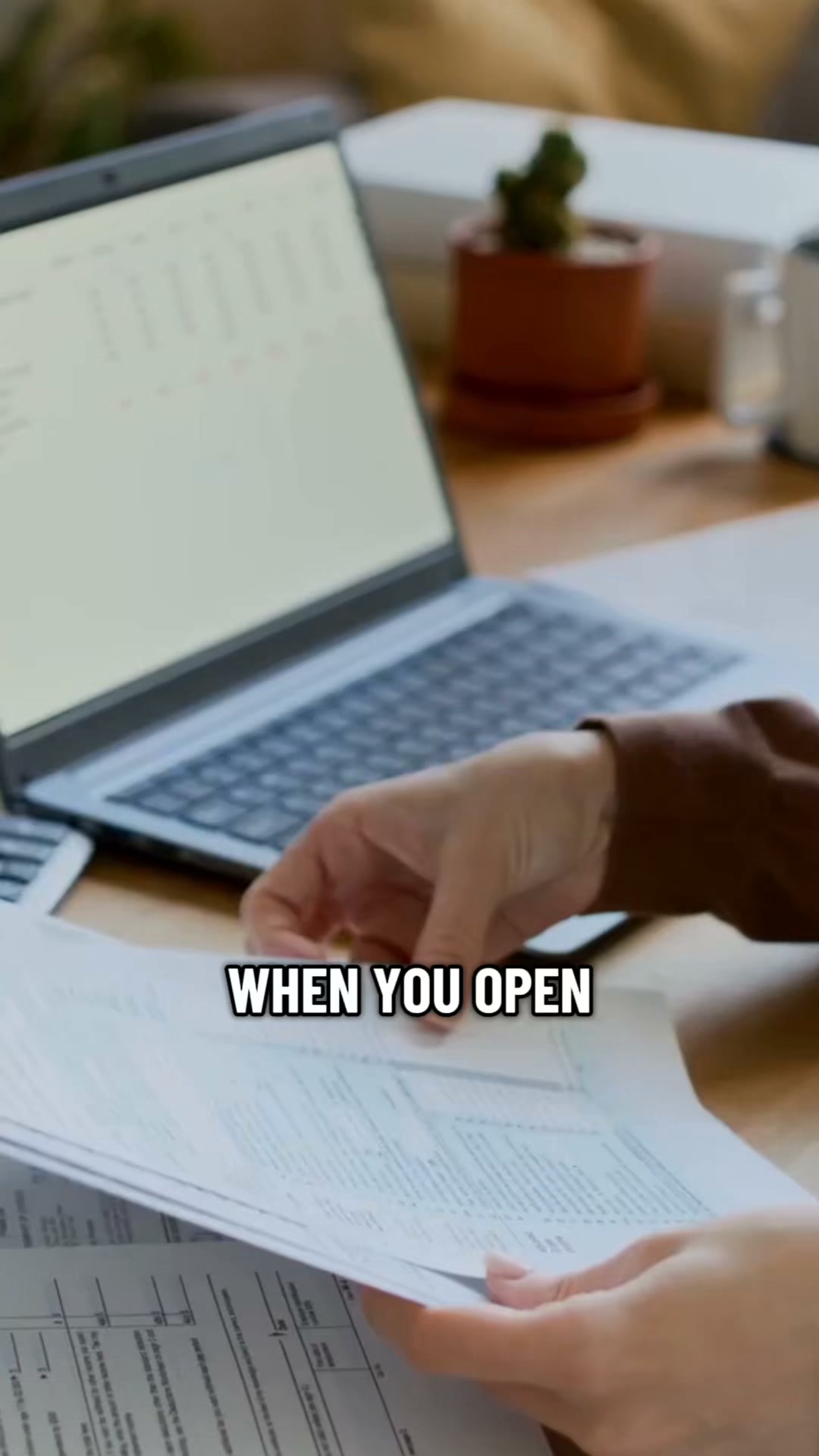 250+ Documents for Psychologists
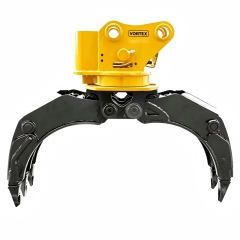 Log Grapple,MY SHOP,Log Grapple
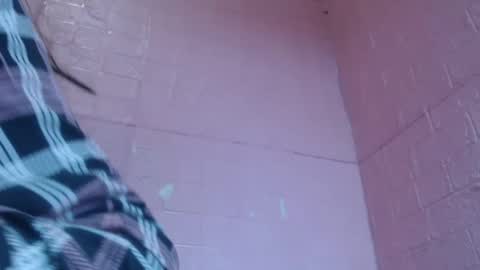 Snapshot of skinnybigcock_georgia chatting on 02.26.25 skinnybigcock_georgia online show from 02.26.25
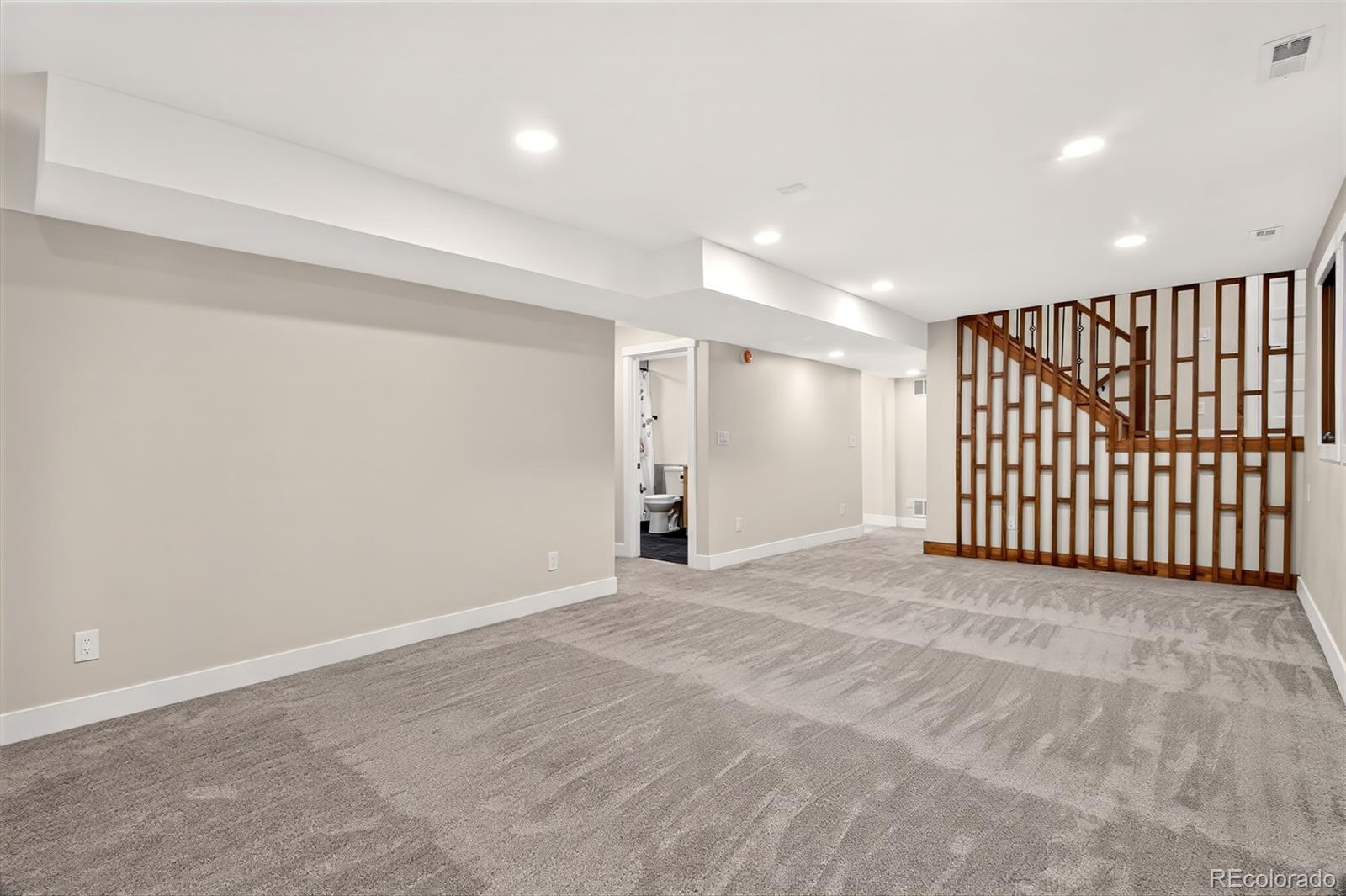 MLS Image #23 for 3590  clubheights drive,colorado springs, Colorado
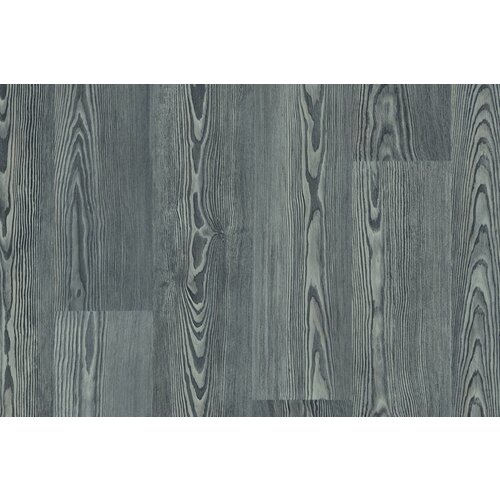 Objectflor Objectflor Expona Flow Wood vinyl vloer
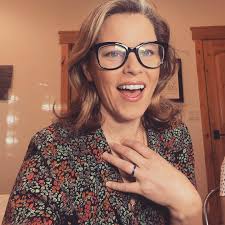 elizabeth-banks-169.jpeg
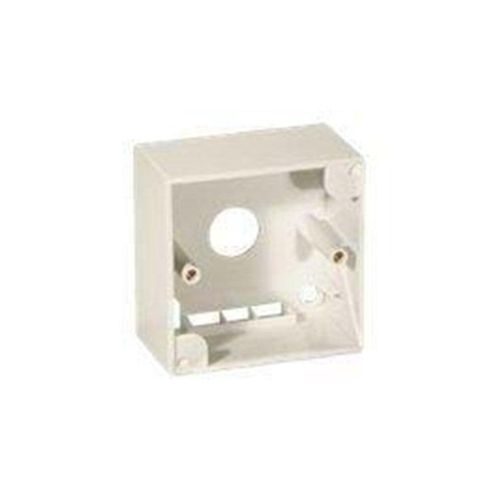Digital Data Universal Surface Mounting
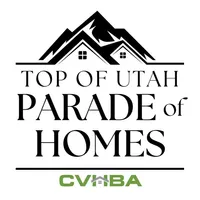 Top of Utah Parade of Homes icon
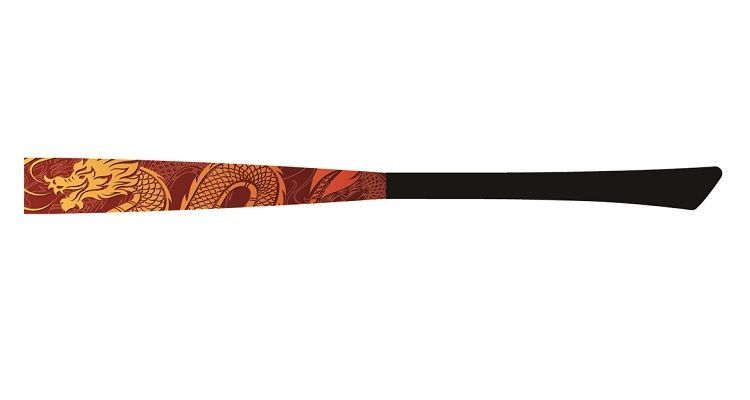 1 Bügelpaar eye:max 5462-01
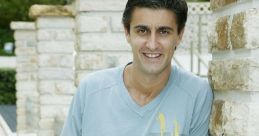 Daniel Oliveira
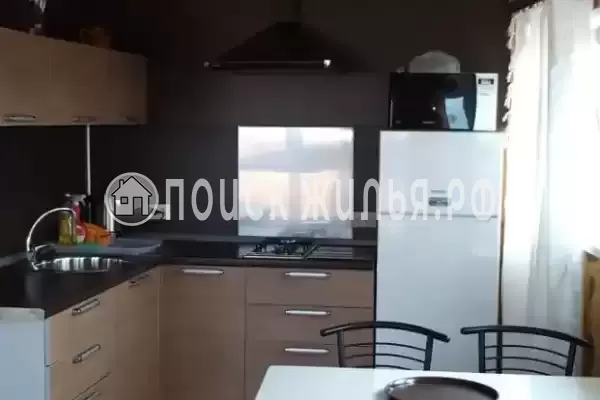 «Итинисан», Адлер «Итинисан», Адлер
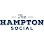 The Hampton Social - Nashville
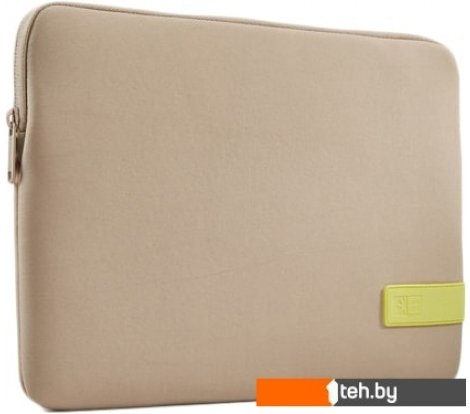  - Женские и мужские сумки Case Logic Reflect 13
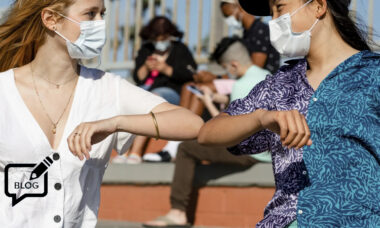 It's hard to unpick, but there's good news lurking in the detail of CDC vaping report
----------
Exercise —
Your answer must consist solely of the lines from the one containing "The Hampton Social - Nashville" through the last line of the records above, copied exactly, with every picture left out.

Response area —
 The Hampton Social - Nashville
  - Женские и мужские сумки Case Logic Reflect 13
 It's hard to unpick, but there's good news lurking in the detail of CDC vaping report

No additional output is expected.